● Task prompt
What is needed is an exact repeat of the lines from the one holding "of transmission Infection" through the final line of the data, with no pictures.

(Exercise input Opens)

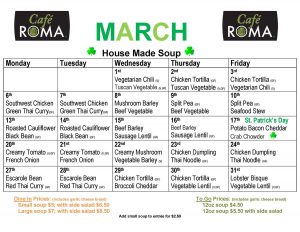 Cafe Roma March 2017 Soup Menu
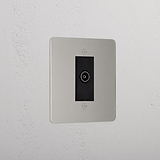 Designer Polished Nickel Tv Outlet Socket Black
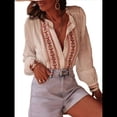 thumbnail image 1 of Camisas Occidentales para Mujer, Blusa Informal de Verano de con Bordado Floral y Botones de Larga. Crema S, 1 of 8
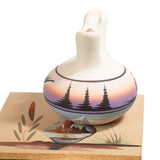 Navajo Wedding Vase Hand Painted And Plaque By Wayne Tom 1991.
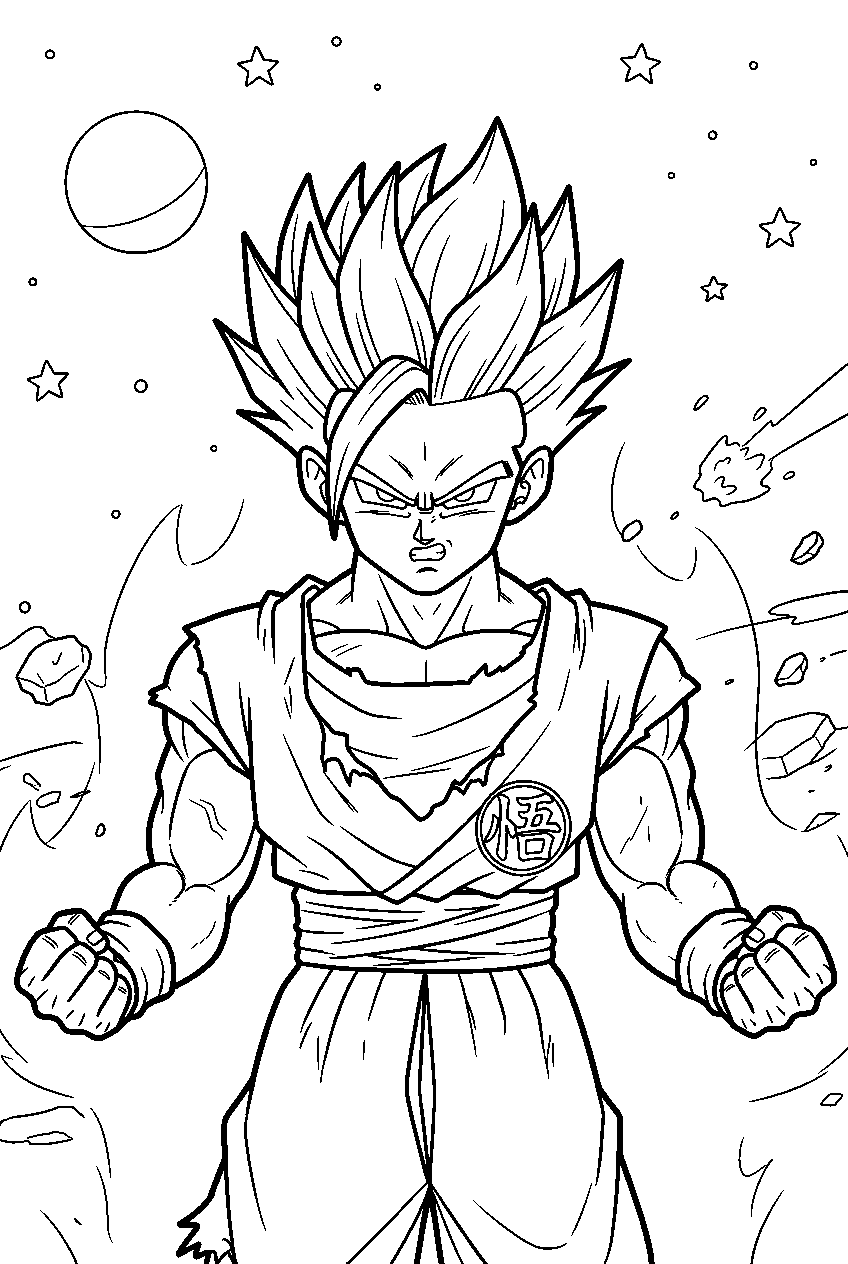 dragon ball z gohan in space battlefield line art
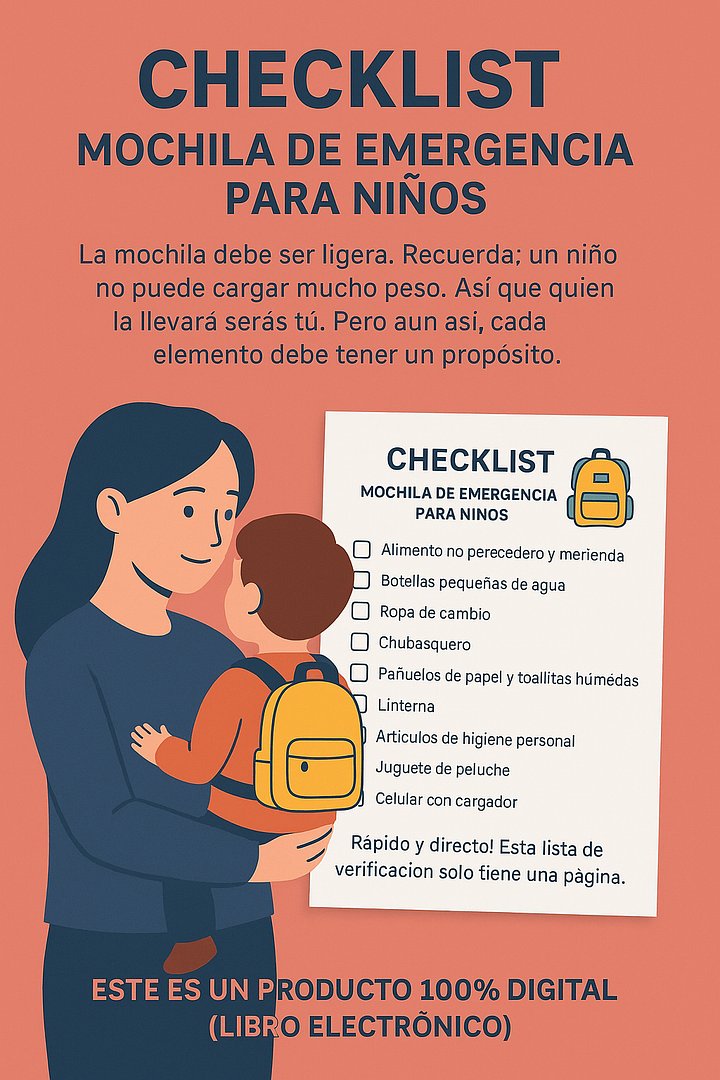Checklist - mochila de emergencia para niños product image (1)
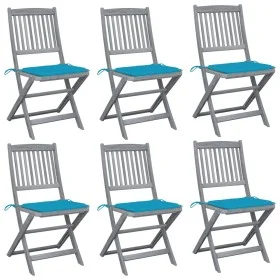 Klappbare Gartenstühle, 6 Stück, Kissen aus massivem Akazienholz von , Gartenstühle - Ref: Foro24-3065444, Preis: 326,91 €, R...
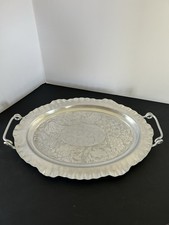 VTG Cromwell Hand Wrought Aluminum Tray w/ Handles Fruit & Floral Design 18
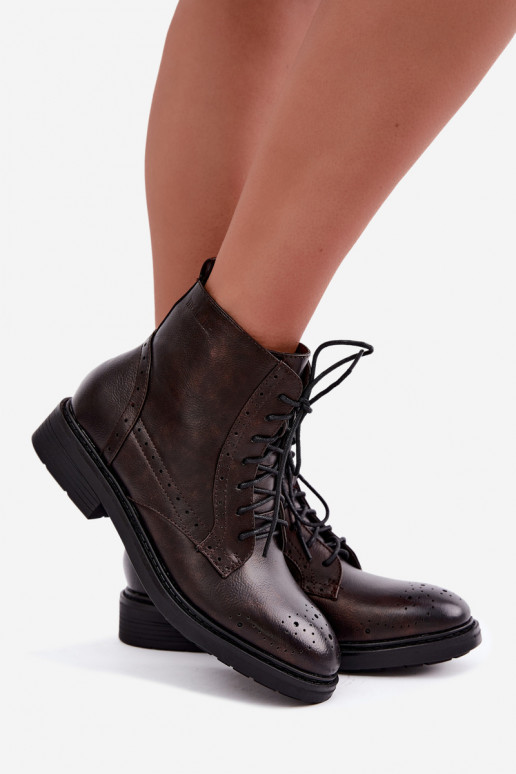 Bottines isolées pour femmes avec talons larges Medicine RIN16-OBD426-88X, marron foncé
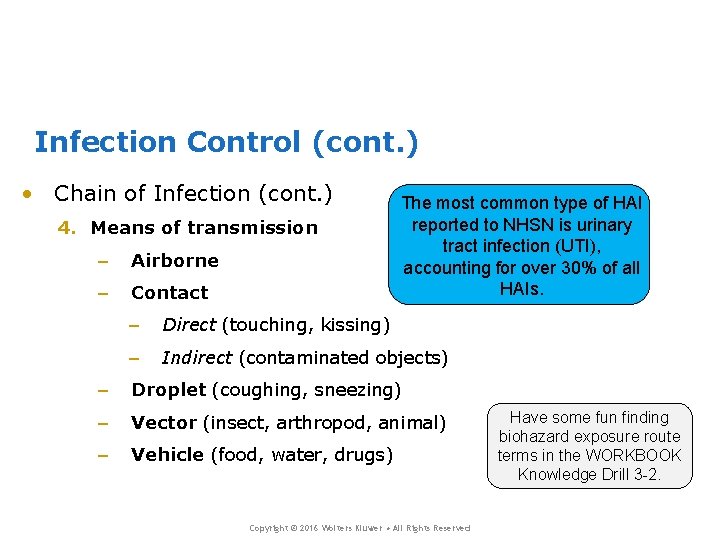 Infection Control (cont. ) • Chain of Infection (cont. ) 4. Means of transmission Infection Control (cont. ) • Chain of Infection (cont. ) 4. Means of transmission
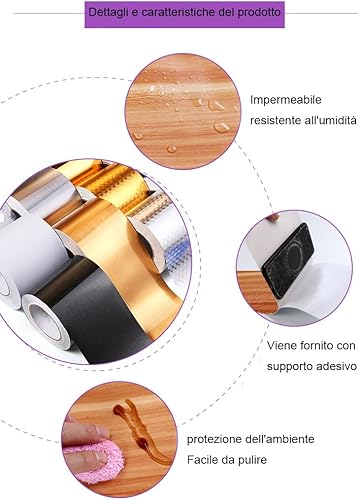 Carta da Parati bordi autoadesivi spazzolato Argento da parati decorativo per Autoadesivo Utilizzato per camere da letto,soggiorni,servizi igienici, bagni,Bordo dello sfondo 10cm X 500cm - Honorern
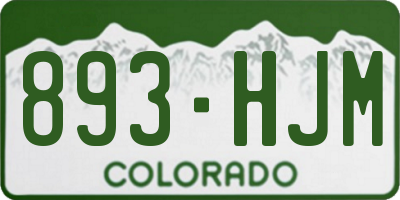 CO license plate 893HJM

(Exercise input Closes)

● Exercise result
 Infection Control (cont. ) • Chain of Infection (cont. ) 4. Means of transmission Infection Control (cont. ) • Chain of Infection (cont. ) 4. Means of transmission
 Carta da Parati bordi autoadesivi spazzolato Argento da parati decorativo per Autoadesivo Utilizzato per camere da letto,soggiorni,servizi igienici, bagni,Bordo dello sfondo 10cm X 500cm - Honorern
 CO license plate 893HJM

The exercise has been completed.